Yesterday I highlighted several campaign ads directly and indirectly defending a vote for the health care reform law. These ads are airing on the grounds that you can’t win an argument without making one.
It’s up to the voters to decide which argument is strongest, but I’m struck by Johnson’s decision to explicitly use polls to tell voters what they think.
The ad asserts: “A majority of Wisconsinites opposed the government takeover of health care” with a graphic citing a poll result of “55% oppose.”
Politifact Wisconsin deemed that claim “False” on several counts: the health care reform law is not a “government takeover,” the polls the campaign cited did not use the words “government takeover,” the polls cited are of subjectively defined “likely voters” and not all of Wisconsin, and polls show that some people disapprove the law because there isn’t enough government involvement.

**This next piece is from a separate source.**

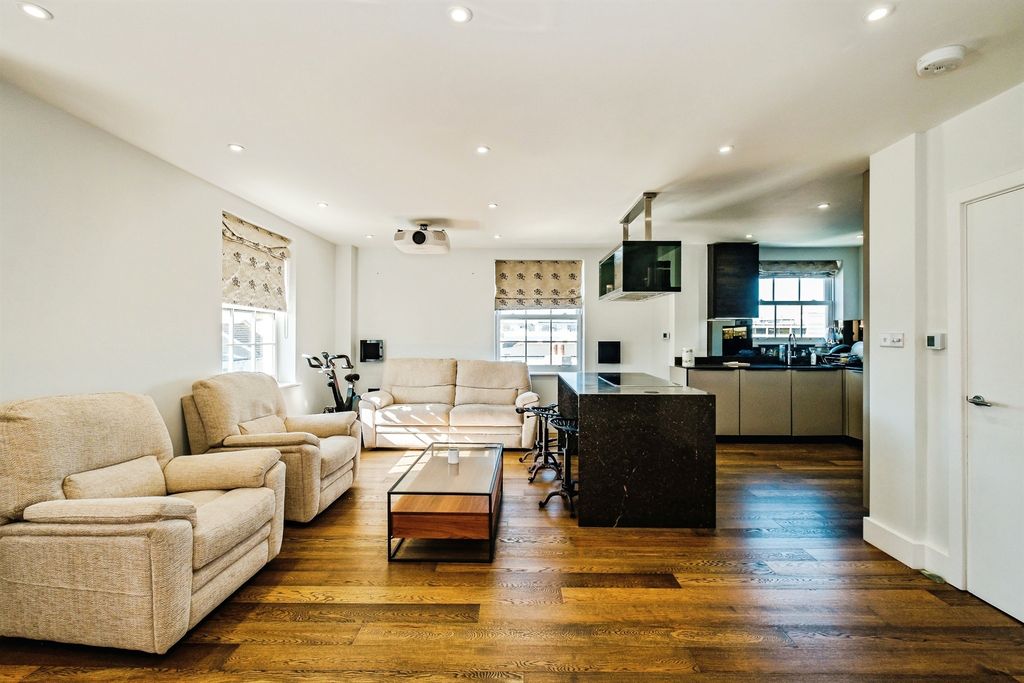 Additional image 5 of 2 bed flat for saleMarine Parade, Worthing BN11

Are these just technical quibbles? Is Johnson’s underlying point still correct?
Anyone who has closely followed health care polling this year knows that there has a discrepancy between support for “the bill,” which has been tepid, and support for the key provisions of the bill, which have consistently polled well.
Any dispassionate analysis of all the polling data has to conclude that, at minimum, much of the public has fuzzy and conflicted feelings about the final law. Further, recent polling show many people are still flat-out confused about what is in the law. Making grand pronouncements with cherry-picked poll data is sure to miss the big picture.
Now, cherry-picking poll numbers is not unusual in the talking point wars politicians regularly play. That’s part of how politicians “work the refs,” cajoling reporters to frame stories on terms favorable to the politicians.
But to use cherry-picked poll numbers in a campaign ad? That’s a whole different ball game.
Campaign ads are about communicating to voters, not reporters. To literally put words in the mouths of voters carries great risk of backlash.
It’d be one thing if the poll numbers did represent a crystal clear sentiment on the part of voters. But in this case the poll numbers cited by Johnson clearly do not.
So when a voter sees the Johnson ad alongside the Feingold ad — which uses real people instead of polls to talk about how the new law helps children with pre-existing conditions — they may not appreciate being told what they supposedly think.
The risk for Democrats who are not defending their health reform vote is that you can’t win an argument without making one.
The Republican Johnson is taking the same risk with his ad.
Johnson is not making an argument about why it’s wrong for our government to ban discrimination against sick kids. He is throwing up a poll number in hopes of skirting the need to have that argument.
Of course, Johnson can still win. Perhaps opponents of health care reform are more likely to turn out. Perhaps the race will hinge upon different issues altogether.
But his health care response ad, talking at voters instead of engaging them, strikes me as a dangerous risk.